• Exercise:
Locate the line that contains "Samsonite Splendix Spinner (4 wheels) black". Retype it and every line after it to the end of the records, exactly, but not the pictures.

*** Input material

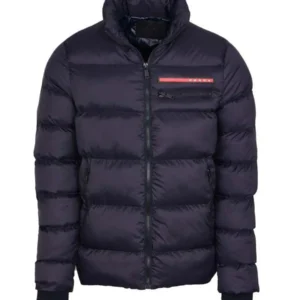 Prada cropped puffer jacket 800-2 - M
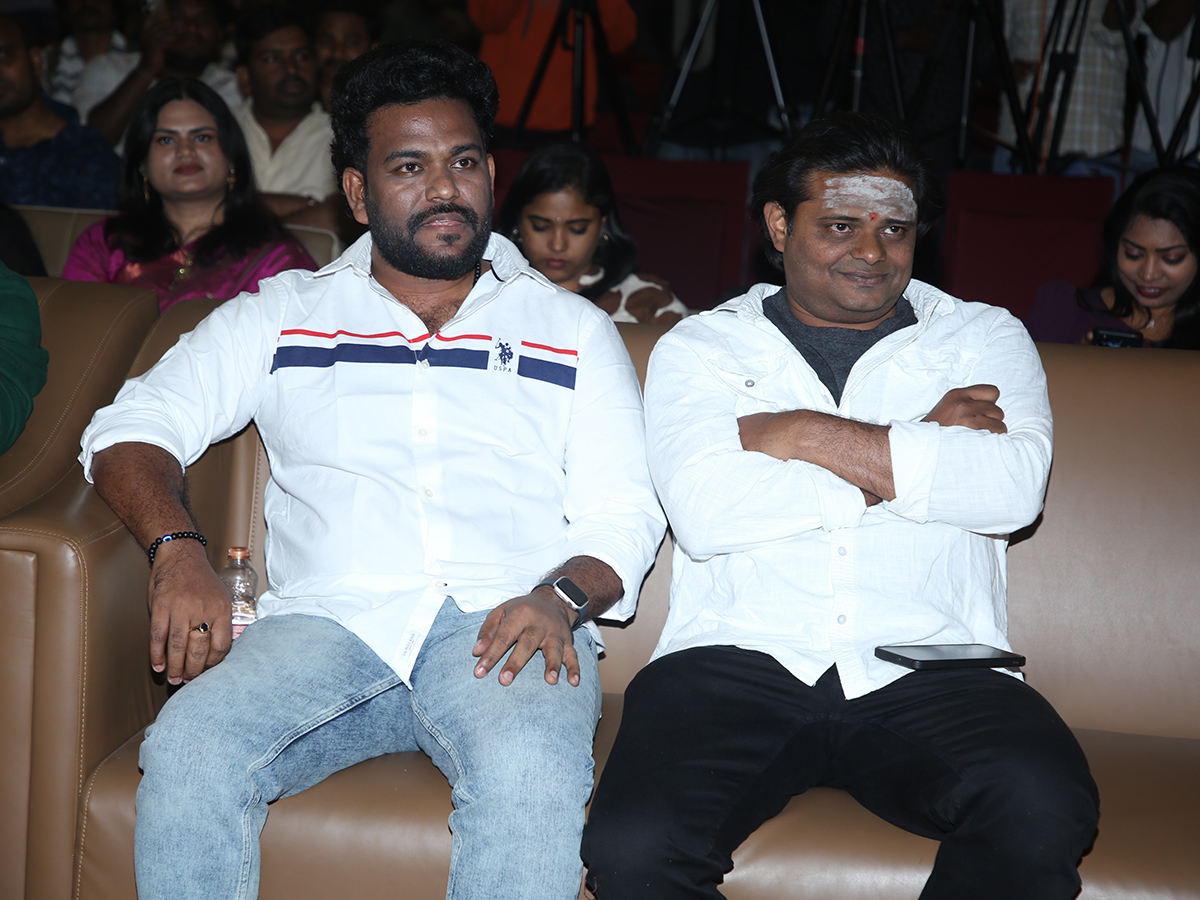 Photos : Constable Kanakam Movie Success Meet Photos13
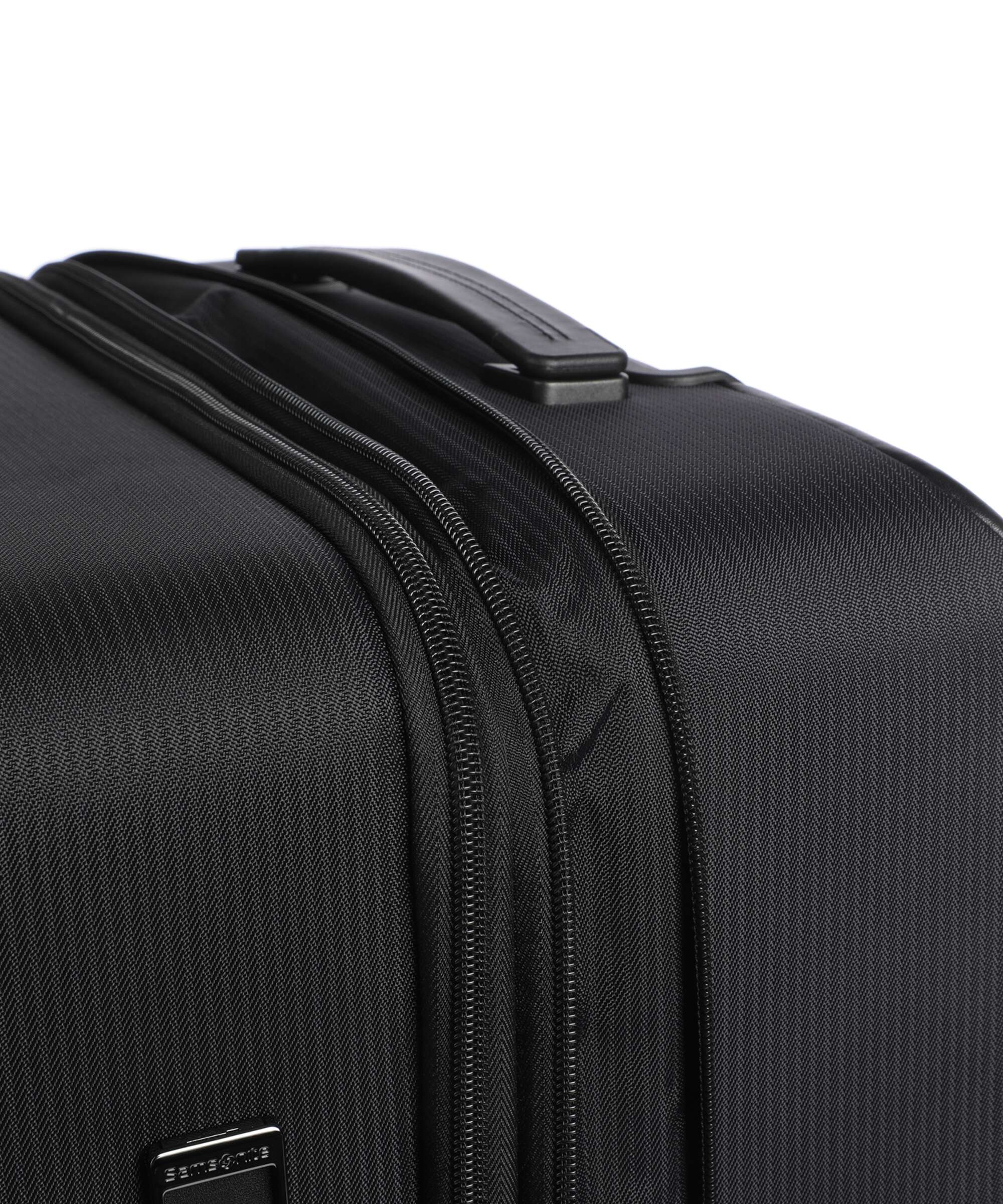 Samsonite Splendix Spinner (4 wheels) black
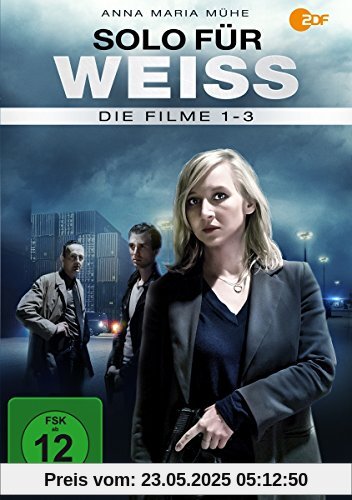 Solo für Weiss - Die Filme 1-3 [3 DVDs] von Thomas Berger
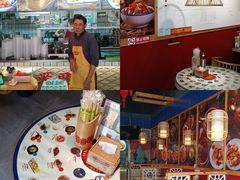 -点兵点将·四川传统小吃集(勐海路店)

******

• Answer to the problem:
 Samsonite Splendix Spinner (4 wheels) black
 Solo für Weiss - Die Filme 1-3 [3 DVDs] von Thomas Berger
 -点兵点将·四川传统小吃集(勐海路店)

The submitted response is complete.